A manner of triggering the aperiodic uplink sending of the WUS may include:

Example 1: It is configured by the network or stipulated in a protocol that one bit in the DCI of the WUS is used to explicitly indicate whether to trigger the UE to send an aperiodic uplink signal. If the UE detects no WUS, the UE does not send an aperiodic uplink signal/channel, and the UE is not woken up.

Example 2: It is configured by the network or stipulated in a protocol that if the WUS indicates the UE to wake up, it is considered by default that the UE is triggered to send an aperiodic uplink signal/channel on an uplink resource associated with a WUS sending occasion. If the WUS indicates the UE not to monitor the PDCCH, or the UE detects no WUS, the UE does not send the aperiodic uplink signal/channel.

In this embodiment of this application, the WUS triggers the aperiodic sending of the uplink signal/channel, so that the network device can detect whether the uplink transmit power of the UE meets a requirement of the network device.
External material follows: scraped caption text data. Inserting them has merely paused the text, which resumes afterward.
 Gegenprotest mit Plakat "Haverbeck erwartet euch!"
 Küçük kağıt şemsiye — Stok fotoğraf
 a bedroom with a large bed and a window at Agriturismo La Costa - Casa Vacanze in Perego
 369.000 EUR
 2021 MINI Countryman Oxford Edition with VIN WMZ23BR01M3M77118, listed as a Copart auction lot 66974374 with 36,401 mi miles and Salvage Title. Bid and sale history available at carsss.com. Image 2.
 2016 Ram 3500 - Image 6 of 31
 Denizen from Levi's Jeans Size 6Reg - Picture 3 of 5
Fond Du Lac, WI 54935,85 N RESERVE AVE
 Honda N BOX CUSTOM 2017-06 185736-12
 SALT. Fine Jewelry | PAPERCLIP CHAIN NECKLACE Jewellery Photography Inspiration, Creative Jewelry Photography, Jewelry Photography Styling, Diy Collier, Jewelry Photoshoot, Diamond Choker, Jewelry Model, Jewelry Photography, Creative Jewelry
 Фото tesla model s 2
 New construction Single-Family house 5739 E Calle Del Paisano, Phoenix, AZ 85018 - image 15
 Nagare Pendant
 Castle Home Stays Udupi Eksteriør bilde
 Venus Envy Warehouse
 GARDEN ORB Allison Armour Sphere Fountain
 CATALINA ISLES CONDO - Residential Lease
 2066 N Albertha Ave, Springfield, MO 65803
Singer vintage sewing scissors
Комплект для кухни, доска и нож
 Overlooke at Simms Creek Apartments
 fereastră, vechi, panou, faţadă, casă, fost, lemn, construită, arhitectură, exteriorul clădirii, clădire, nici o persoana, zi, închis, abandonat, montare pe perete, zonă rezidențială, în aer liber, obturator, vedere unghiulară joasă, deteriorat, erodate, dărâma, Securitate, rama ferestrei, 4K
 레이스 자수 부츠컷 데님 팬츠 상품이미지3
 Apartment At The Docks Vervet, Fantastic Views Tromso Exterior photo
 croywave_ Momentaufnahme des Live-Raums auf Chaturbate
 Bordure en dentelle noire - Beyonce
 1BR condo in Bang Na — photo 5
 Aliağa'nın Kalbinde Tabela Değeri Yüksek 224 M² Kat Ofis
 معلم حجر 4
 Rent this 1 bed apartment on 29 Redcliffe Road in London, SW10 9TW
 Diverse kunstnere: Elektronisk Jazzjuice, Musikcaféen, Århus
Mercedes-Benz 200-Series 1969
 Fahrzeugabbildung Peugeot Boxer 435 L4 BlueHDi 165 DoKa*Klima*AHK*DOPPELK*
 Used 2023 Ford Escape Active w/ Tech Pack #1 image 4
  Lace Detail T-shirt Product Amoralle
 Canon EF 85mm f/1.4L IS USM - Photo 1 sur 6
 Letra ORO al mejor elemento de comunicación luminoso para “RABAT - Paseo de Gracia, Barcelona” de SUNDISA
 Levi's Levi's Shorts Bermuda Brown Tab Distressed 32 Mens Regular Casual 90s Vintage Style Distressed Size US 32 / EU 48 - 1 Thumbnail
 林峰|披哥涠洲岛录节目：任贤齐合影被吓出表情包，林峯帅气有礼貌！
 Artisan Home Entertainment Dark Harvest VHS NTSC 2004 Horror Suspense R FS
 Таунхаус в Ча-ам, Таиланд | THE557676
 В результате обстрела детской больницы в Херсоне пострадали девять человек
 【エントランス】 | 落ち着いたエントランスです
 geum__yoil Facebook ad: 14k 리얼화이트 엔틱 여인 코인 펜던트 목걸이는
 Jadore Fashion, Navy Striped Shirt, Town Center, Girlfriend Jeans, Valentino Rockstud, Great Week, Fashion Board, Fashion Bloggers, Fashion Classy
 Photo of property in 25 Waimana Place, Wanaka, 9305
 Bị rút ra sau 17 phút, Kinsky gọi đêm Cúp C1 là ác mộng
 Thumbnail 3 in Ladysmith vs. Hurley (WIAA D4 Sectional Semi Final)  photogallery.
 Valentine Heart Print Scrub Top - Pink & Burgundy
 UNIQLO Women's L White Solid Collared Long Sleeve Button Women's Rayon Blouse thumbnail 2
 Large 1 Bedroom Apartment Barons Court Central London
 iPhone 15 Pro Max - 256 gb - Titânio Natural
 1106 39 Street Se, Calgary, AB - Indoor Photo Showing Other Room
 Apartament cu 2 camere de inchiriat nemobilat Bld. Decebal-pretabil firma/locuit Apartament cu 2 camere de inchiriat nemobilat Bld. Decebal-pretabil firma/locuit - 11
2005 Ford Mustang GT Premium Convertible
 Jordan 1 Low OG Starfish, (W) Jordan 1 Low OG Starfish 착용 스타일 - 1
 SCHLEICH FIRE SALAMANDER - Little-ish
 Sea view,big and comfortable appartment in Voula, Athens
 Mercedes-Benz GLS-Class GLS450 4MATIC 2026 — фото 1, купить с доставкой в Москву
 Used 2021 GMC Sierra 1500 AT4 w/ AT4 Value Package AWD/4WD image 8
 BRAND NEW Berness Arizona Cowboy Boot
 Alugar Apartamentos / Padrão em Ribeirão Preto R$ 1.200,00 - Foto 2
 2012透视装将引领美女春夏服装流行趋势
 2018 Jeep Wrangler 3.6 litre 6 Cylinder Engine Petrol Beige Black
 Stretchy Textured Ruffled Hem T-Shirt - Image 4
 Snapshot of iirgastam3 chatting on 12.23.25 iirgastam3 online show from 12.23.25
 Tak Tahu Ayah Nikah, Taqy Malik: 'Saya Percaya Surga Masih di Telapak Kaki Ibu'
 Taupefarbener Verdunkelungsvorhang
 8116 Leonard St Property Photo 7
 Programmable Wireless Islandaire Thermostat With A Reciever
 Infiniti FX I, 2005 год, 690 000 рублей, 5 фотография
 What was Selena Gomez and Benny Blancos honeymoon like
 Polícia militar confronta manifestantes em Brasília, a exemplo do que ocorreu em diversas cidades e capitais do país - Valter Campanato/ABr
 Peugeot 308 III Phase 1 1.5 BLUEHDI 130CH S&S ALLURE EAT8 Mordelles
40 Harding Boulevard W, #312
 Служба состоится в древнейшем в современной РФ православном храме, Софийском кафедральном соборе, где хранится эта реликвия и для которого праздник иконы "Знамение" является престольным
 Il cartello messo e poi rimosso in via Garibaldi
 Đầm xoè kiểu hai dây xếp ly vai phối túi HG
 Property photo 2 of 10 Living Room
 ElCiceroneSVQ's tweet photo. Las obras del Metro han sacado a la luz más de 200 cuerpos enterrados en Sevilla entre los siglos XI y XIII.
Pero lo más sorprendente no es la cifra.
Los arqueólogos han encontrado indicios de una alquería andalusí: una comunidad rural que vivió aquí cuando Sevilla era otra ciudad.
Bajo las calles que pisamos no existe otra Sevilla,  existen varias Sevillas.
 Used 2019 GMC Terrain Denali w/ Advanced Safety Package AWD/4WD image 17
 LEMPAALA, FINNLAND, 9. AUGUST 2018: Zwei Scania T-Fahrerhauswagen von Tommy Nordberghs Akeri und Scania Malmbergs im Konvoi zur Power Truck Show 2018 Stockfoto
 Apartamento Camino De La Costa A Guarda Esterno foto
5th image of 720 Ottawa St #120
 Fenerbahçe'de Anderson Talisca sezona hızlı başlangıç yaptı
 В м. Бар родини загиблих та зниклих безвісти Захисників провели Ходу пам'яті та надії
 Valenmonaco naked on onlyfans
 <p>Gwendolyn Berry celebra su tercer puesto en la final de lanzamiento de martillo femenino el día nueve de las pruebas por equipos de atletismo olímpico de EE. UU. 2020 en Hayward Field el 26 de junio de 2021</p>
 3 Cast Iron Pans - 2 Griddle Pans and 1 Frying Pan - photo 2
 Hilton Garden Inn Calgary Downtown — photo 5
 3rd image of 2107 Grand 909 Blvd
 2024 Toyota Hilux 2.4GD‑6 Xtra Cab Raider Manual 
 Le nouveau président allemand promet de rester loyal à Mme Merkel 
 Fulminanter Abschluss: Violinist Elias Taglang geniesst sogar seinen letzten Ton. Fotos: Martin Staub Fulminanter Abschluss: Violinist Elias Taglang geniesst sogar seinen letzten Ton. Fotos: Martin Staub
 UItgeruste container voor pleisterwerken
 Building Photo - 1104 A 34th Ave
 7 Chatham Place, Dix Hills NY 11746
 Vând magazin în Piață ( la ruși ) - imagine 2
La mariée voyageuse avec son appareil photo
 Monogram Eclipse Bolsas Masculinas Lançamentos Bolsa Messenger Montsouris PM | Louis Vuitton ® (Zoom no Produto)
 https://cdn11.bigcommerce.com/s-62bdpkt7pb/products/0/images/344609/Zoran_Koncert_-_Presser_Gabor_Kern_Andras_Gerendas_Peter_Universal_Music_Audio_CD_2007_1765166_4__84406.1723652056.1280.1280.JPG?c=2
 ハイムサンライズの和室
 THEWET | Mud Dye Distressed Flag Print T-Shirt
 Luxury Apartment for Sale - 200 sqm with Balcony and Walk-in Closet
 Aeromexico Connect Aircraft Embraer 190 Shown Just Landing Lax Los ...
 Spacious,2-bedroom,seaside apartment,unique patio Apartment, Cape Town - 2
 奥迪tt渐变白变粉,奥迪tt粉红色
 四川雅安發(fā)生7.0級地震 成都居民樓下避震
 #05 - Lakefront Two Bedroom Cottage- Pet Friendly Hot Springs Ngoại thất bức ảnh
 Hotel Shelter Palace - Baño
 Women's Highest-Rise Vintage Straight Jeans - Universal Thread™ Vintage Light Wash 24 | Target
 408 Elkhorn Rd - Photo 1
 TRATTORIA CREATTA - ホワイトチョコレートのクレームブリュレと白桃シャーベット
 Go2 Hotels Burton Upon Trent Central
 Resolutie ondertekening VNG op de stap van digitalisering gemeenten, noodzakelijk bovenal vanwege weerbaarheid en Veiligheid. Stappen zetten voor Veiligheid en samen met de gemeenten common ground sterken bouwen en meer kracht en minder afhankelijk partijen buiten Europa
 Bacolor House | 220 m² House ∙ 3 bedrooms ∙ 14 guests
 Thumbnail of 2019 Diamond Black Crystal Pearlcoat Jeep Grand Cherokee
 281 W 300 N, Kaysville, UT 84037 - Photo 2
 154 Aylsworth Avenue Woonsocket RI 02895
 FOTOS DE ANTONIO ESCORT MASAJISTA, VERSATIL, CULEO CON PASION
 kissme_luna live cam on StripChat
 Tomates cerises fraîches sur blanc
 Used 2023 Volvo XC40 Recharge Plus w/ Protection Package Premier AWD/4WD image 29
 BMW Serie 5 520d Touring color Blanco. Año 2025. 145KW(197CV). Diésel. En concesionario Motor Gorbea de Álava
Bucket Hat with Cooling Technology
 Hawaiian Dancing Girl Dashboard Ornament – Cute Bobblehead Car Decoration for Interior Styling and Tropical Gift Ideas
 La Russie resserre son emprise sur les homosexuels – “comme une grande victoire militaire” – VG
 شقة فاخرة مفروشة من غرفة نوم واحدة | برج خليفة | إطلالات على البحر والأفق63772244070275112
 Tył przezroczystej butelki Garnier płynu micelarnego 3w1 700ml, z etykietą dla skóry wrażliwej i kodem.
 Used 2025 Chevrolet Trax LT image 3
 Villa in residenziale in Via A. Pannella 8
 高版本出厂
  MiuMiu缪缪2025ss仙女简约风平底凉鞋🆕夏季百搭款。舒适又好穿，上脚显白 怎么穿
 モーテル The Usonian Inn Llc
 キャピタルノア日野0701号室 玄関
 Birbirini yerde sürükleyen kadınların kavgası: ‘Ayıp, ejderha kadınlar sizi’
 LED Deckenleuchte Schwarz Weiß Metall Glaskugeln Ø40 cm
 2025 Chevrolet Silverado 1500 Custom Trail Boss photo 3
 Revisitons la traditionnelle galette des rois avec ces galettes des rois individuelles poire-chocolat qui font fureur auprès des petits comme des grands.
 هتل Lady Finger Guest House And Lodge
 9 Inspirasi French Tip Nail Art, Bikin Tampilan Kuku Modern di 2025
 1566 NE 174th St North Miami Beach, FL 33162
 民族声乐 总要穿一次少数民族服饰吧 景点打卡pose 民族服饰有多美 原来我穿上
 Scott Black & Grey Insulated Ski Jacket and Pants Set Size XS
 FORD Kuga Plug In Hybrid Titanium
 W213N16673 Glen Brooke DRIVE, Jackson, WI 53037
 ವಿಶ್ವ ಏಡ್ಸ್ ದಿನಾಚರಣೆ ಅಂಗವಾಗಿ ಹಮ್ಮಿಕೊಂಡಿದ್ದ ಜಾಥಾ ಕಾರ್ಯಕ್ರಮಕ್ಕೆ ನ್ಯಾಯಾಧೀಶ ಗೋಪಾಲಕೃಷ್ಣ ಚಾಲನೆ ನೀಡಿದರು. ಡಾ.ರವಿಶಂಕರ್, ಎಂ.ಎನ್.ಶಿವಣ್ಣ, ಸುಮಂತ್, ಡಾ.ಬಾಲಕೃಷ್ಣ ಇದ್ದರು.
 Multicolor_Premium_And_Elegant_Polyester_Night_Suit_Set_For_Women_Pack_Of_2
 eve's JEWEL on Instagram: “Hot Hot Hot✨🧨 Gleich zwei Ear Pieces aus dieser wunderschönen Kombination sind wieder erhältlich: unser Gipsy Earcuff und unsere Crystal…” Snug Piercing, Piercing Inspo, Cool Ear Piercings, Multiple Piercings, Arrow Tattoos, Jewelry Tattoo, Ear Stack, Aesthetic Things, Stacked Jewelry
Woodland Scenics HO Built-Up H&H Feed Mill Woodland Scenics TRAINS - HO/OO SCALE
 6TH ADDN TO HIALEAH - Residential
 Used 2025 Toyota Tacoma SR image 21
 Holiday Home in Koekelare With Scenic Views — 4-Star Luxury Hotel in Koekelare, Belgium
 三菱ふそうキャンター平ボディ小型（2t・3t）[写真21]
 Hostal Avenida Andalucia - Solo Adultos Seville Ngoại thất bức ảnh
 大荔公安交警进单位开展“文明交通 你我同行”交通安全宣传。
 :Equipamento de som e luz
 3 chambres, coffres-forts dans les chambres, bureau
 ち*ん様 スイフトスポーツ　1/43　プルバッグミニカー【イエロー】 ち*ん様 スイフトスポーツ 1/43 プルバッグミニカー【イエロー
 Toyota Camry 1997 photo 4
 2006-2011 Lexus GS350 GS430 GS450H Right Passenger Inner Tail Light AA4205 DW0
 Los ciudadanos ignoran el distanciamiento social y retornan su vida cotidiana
Therefore, the network device determines the subsequent power adjustment command, namely, the TPC command, based on the aperiodic signal from the UE. In addition, after the UE sleeps for a specific period of time, it is stipulated that the UE calculates, by using only the open-loop power control parameter, the transmit power of the aperiodic uplink sending that is performed by the UE, that is, all power control adjustment states previous to a sending occasion of the aperiodic uplink signal/channel triggered by the WUS are reset to 0. In this way, the UE can track the current channel state in a timely and accurate manner, and the network device can quickly determine the subsequent TPC command based on the aperiodic uplink sending performed by the UE. This helps improve performance of an uplink.

In a second solution, in this embodiment of this application, the WUS does not trigger aperiodic uplink sending. When the preset condition in the first solution is satisfied, the UE needs to reset all power control adjustment states (power control adjustment states) previous to a WUS monitoring occasion to 0. In this way, in the cumulative calculation manner of the power control adjustment state, after the UE is woken up and enters the active time (for example, drx-onDurationTimer is started), assuming that a sending occasion on which the UE sends a PUCCH/PUSCH/SRS for the first time is i, all power control adjustment commands previous to the sending occasion i are 0. That is, for a power control adjustment command for the PUCCH, g_b,f,c(k,l)=0, where k=0, 1, 2, . . . , or i−1; for a power control adjustment command for the PUSCH, f_b,f,c(k,l)=0, where k=0, 1, . . . , or i−1; and for a power control adjustment command for the SRS, h_b,f,c(k,l)=0, where k=0, 1, . . . , or i−1.

The foregoing preset condition, may be in the following three implementations:

Implementation 1: The network configures a timer timer 1. When the WUS indicates the UE to wake up, when the UE does not detect the WUS or detects no WUS but is woken up within the DRX on duration to monitor the PDCCH, or when the WUS monitoring occasion is covered by active time (for example, is covered by a timing period of previous drx-InactivityTimer), the timer is started or restarted (timer restart) at the WUS monitoring occasion (for example, a start OFDM symbol or an end OFDM symbol of the WUS monitoring occasion, or the first OFDM symbol following the WUS monitoring occasion). After timing of the timer 1 ends (in other words, the timer 1 expires (expires)), if the WUS indicates the UE to wake up, all power control adjustment states (power control adjustment states) previous to the WUS monitoring occasion are reset to 0.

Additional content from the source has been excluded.